**ouR data generation**, and kindly contributed to R-bloggers)

In my last post, I wrote about *within-* and *between-period* intra-cluster correlations in the context of stepped-wedge cluster randomized study designs. These are quite important to understand when figuring out sample size requirements (and models for analysis, which I’ll be writing about soon.) Here, I’m extending the constant ICC assumption I presented last time around by introducing some complexity into the correlation structure. Much of the code I am using can be found in last week’s post, so if anything seems a little unclear, hop over here.
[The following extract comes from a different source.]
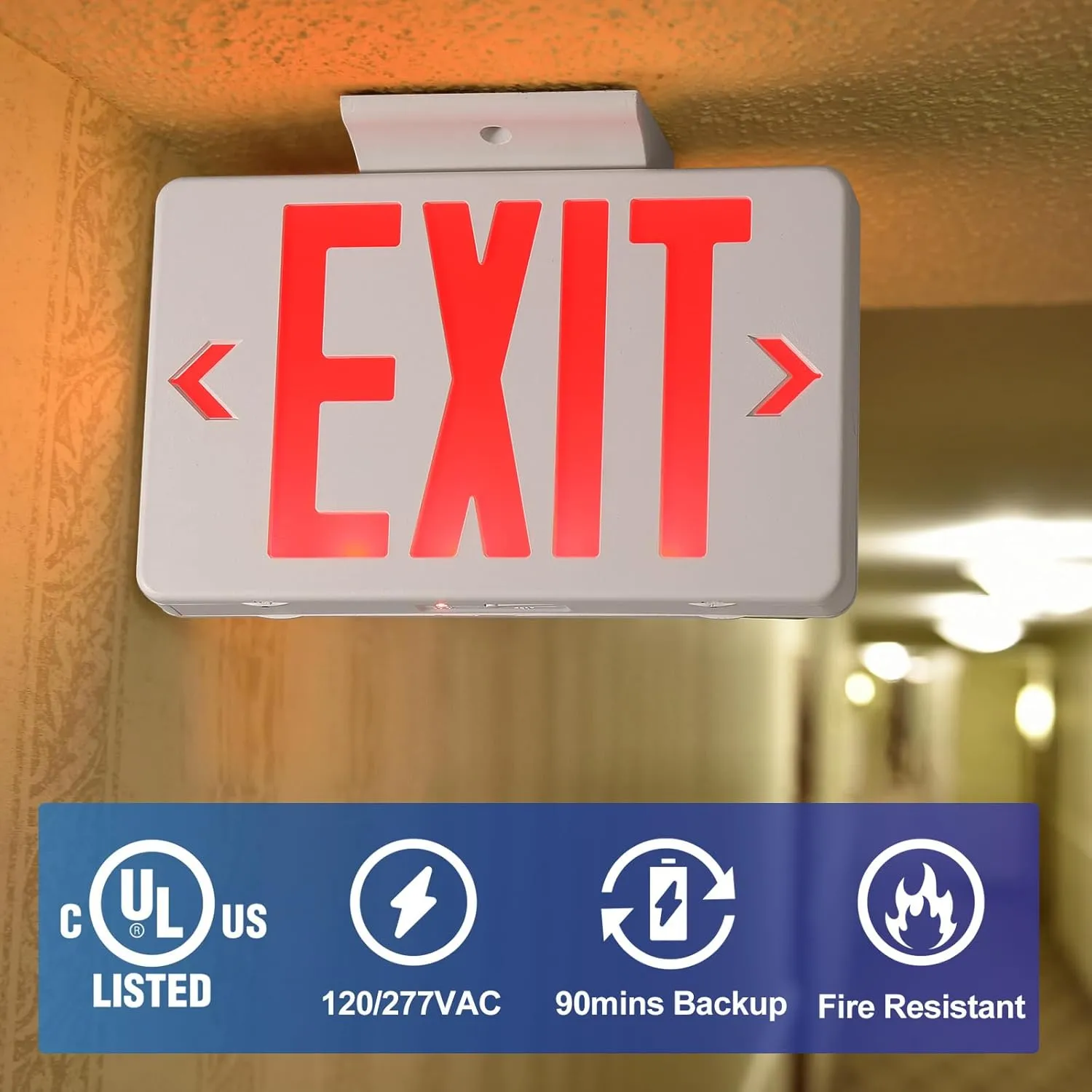 TANLUX Red LED Exit Sign With Emergency Light - UL Listed, Battery Backup, AC 120/277V, Hardwired - Commercial Business Lights - 4 Pack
### Different within- and between-period ICC’s

In a scenario with constant within- and between-period ICC’s, the correlated data can be induced using a single cluster-level effect like \(b_c\) in this model:

\[

Y_{ict} = \mu + \beta_0t + \beta_1X_{ct} + b_{c} + e_{ict}

\]

More complexity can be added if, instead of a single cluster level effect, we have a vector of correlated cluster/time specific effects \(\mathbf{b_c}\). These cluster-specific random effects \((b_{c1}, b_{c2}, \ldots, b_{cT})\) replace \(b_c\), and the slightly modified data generating model is

\[

Y_{ict} = \mu + \beta_0t + \beta_1X_{ct} + b_{ct} + e_{ict}

\]

The vector \(\mathbf{b_c}\) has a multivariate normal distribution \(N_T(0, \sigma^2_b \mathbf{R})\). This model assumes a common covariance structure across all clusters, \(\sigma^2_b \mathbf{R}\), where the general version of \(\mathbf{R}\) is

\[

\mathbf{R} =

\left(

\begin{matrix}

1 & r_{12} & r_{13} & \cdots & r_{1T} \\

r_{21} & 1 & r_{23} & \cdots & r_{2T} \\

r_{31} & r_{32} & 1 & \cdots & r_{3T} \\

\vdots & \vdots & \vdots & \vdots & \vdots \\

r_{T1} & r_{T2} & r_{T3} & \cdots & 1

\end{matrix}

\right )

\]

#### Within-period cluster correlation

The covariance of any two individuals \(i\) and \(j\) in the same cluster \(c\) and same period \(t\) is

\[

\begin{aligned}

cov(Y_{ict}, Y_{jct}) &= cor(\mu + \beta_0t + \beta_1X_{ct} + b_{ct} + e_{ict}, \ \mu + \beta_0t + \beta_1X_{ct} + b_{ct} + e_{jct}) \\

\\

&= cov(b_{ct}, b_{ct}) + cov(e_{ict}, e_{jct}) \\

\\

&=var(b_{ct}) + 0 \\

\\

&= \sigma^2_b r_{tt} \\

\\

&= \sigma^2_b \qquad \qquad \qquad \text{since } r_{tt} = 1, \ \forall t \in \ ( 1, \ldots, T)

\end{aligned}

\]

And I showed in the previous post that \(var(Y_{ict}) = var(Y_{jct}) = \sigma^2_b + \sigma^2_e\), so the within-period intra-cluster correlation is what we saw last time:

\[ICC_{tt} = \frac{\sigma^2_b}{\sigma^2_b+\sigma^2_e}\]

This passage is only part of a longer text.